- Poster of Telugu version
- Directed by: Bapu
- Written by: V. C. Guhanathan (Tamil dialogues) Mullapudi Venkataramana (Telugu dialogues)
- Story by: Shabd Kumar
- Produced by: Sathyanarayana Suryanarayana
- Starring: Bhanu Chander Madhavi
- Cinematography: P. Bhaskar Rao
- Edited by: V. Jagadeesh
- Music by: K. V. Mahadevan
- Production company: Satyachitra Combines
- Release dates: 11 February 1982 (Telugu); 22 October 1982 (Tamil);
- Country: India
- Languages: Telugu Tamil

= Edi Dharmam Edi Nyayam? =

Edi Dharmam Edi Nyayam is a 1982 Indian Telugu-language thriller film simultaneously made in Tamil as Neethi Devan Mayakkam.
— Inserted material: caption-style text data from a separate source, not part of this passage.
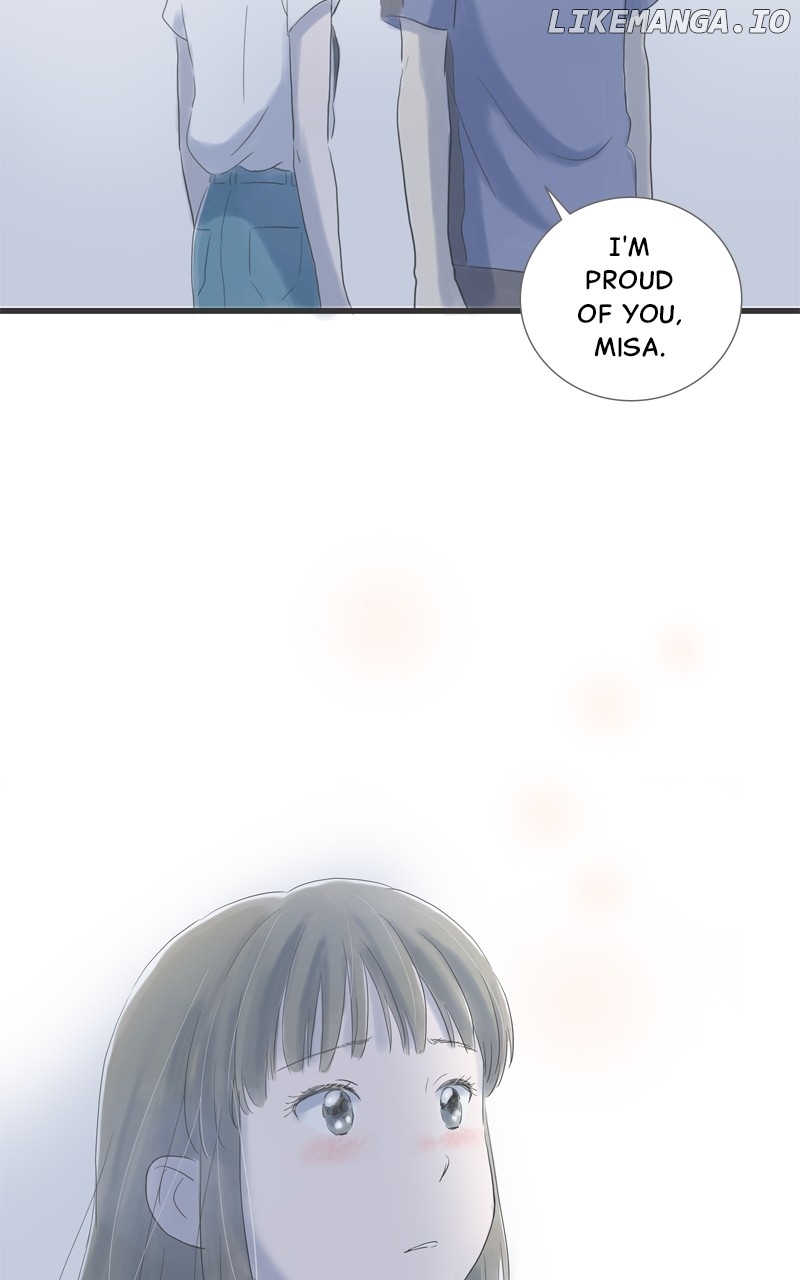 Amid the Changing Seasons Chapter 101 - page 75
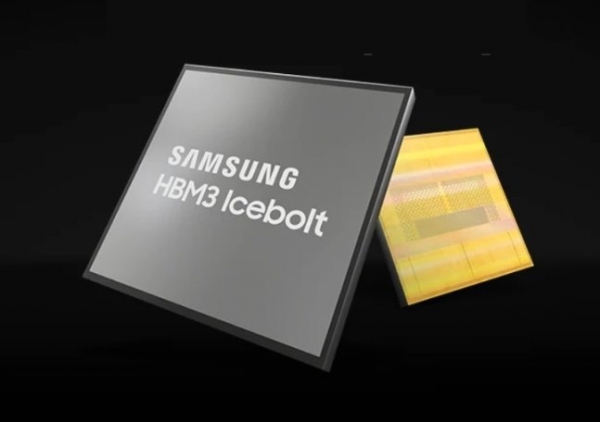 HBM 적층경쟁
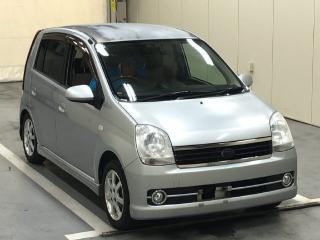 DAIHATSU MIRA AVY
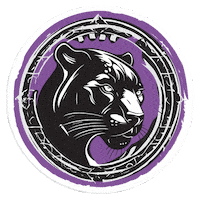 Panthers Sticker by Telemundo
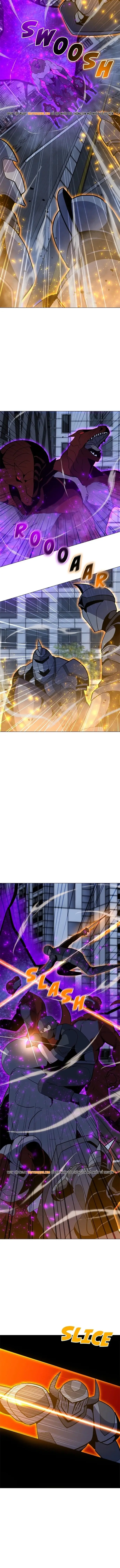 Tôi Là Người Chơi Thần Chú Đơn Độc Chap 159 - Next Chap 160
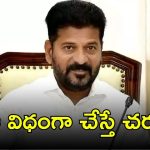CM Revanth Reddy: పథకాలు అమలపై సీఎం రేవంత్‌రెడ్డి కీలక సూచనలు.. ఆపై హెచ్చరిక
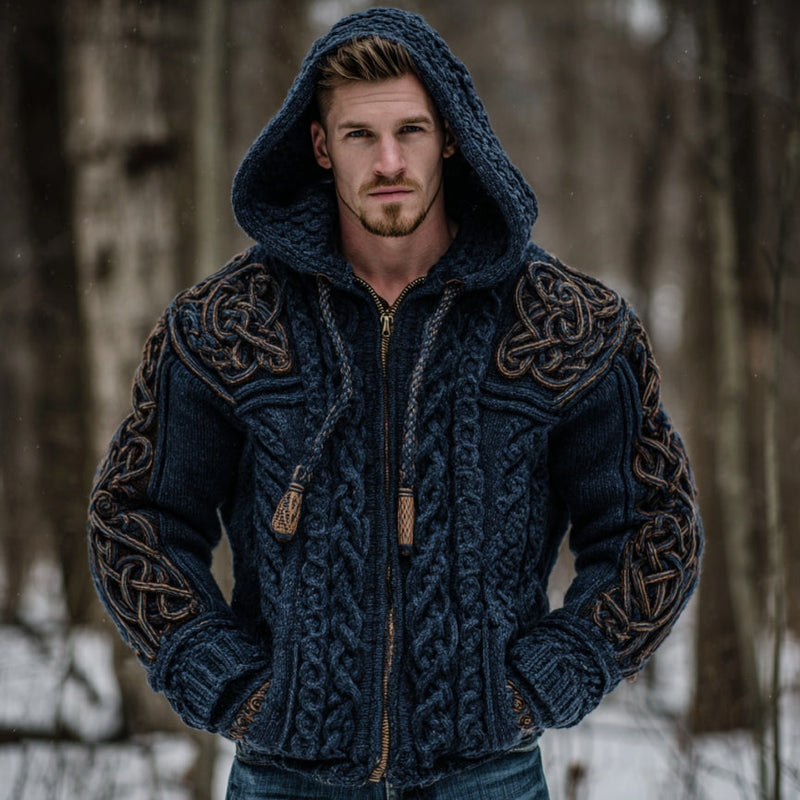Classic Vintage Sweater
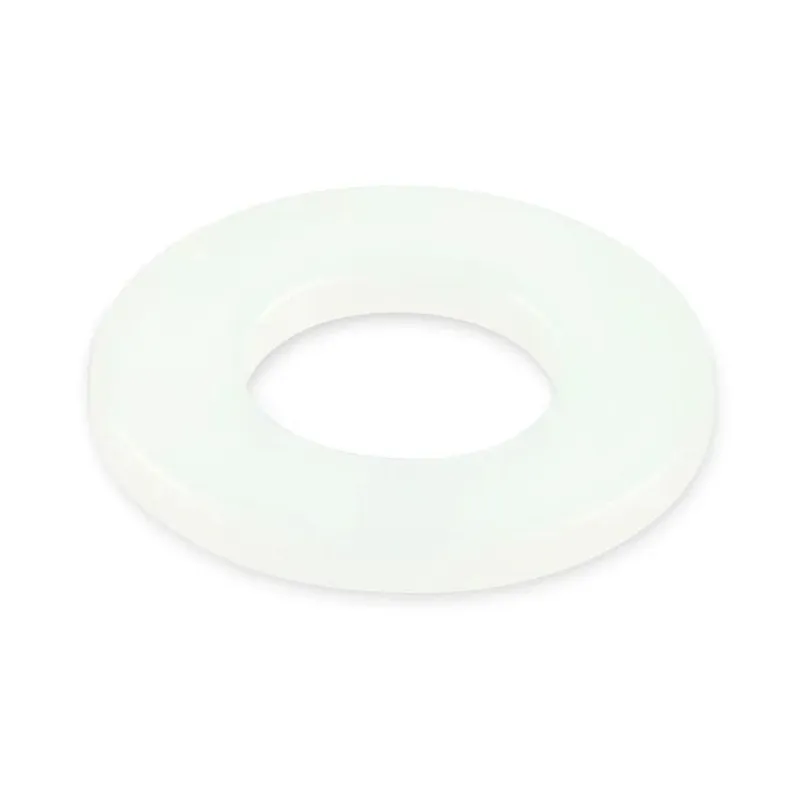 Skivis DIN 125. 4 mm. 25 gab.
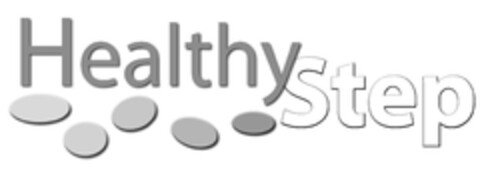 Healthy Step Logo (EUIPO, 08.02.2011)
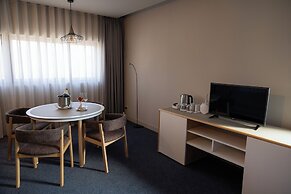 Axis Ofir Beach Resort Hotel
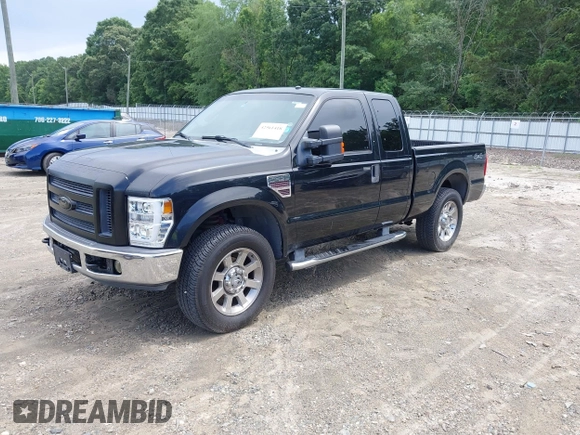 2008 Ford F-250 XL z VIN 1FTSX21R98EB88478, wystawiony jako IAAI lot #42561418 z przebiegiem 268 969 mil mil oraz . Historia ofert i sprzedaży dostępna na DreamBid. Obrazek 17.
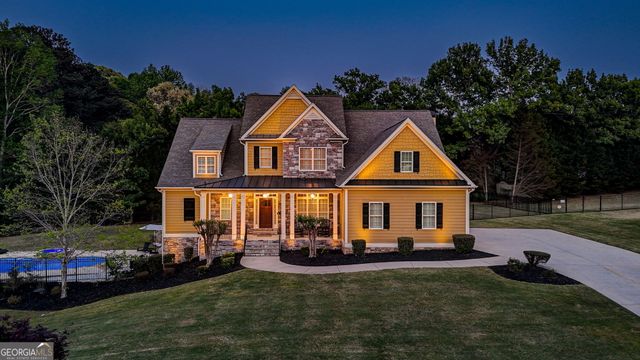 116 Archstone Square, Mcdonough, GA 30253
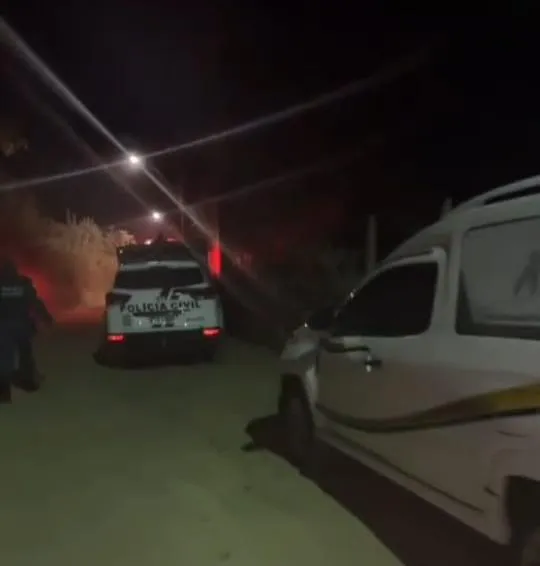 Morte trágica em Colatina: homem é atropelado por trem
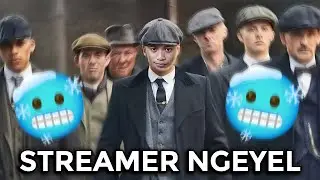 STREAMER MARAH MARAH - Momen Kocak Mastah Adam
Directed by Bapu, the film stars Bhanu Chander and Madhavi. Kamal Haasan acted as a Military Officer in a guest appearance in the Tamil version and in Telugu by Krishna. The film was a remake of the Hindi film Insaf Ka Tarazu, which in turn was a remake of the 1976 Hollywood film Lipstick.

== Soundtrack ==

Telugu track listing
| No. | Title | Singer(s) | Length |
|---|---|---|---|
| 1. | "Dharmam Thulabharam" | S. P. Balasubrahmanyam |  |
| 2. | "Tailore" | S. P. Balasubrahmanyam, P. Susheela, S.P. Sailaja |  |
| 3. | "Aaru Nelalu" | S. P. Balasubrahmanyam, P. Susheela |  |
| 4. | "Ponchivunna" | P. Susheela |  |

Tamil track listing
| No. | Title | Lyrics | Singer(s) | Length |
|---|---|---|---|---|
| 1. | "Dharma Thulabaram" | Kannadasan | S. P. Balasubrahmanyam |  |
| 2. | "Oththikaiyil" | Kannadasan | S. P. Balasubrahmanyam, P. Susheela, S. P. Sailaja |  |
| 3. | "Neethi Devan" | Kannadasan | P. Susheela |  |
| 4. | "Aaru Erandu" | Kannadasan | S. P. Balasubrahmanyam, P. Susheela |  |

==Reception==
Reviewing Tamil version for Kalki, Thiraignani praised the acting of Madhavi and Devi, Guhanathan's dialogues and concluded calling it written question and answer book for the English word rape.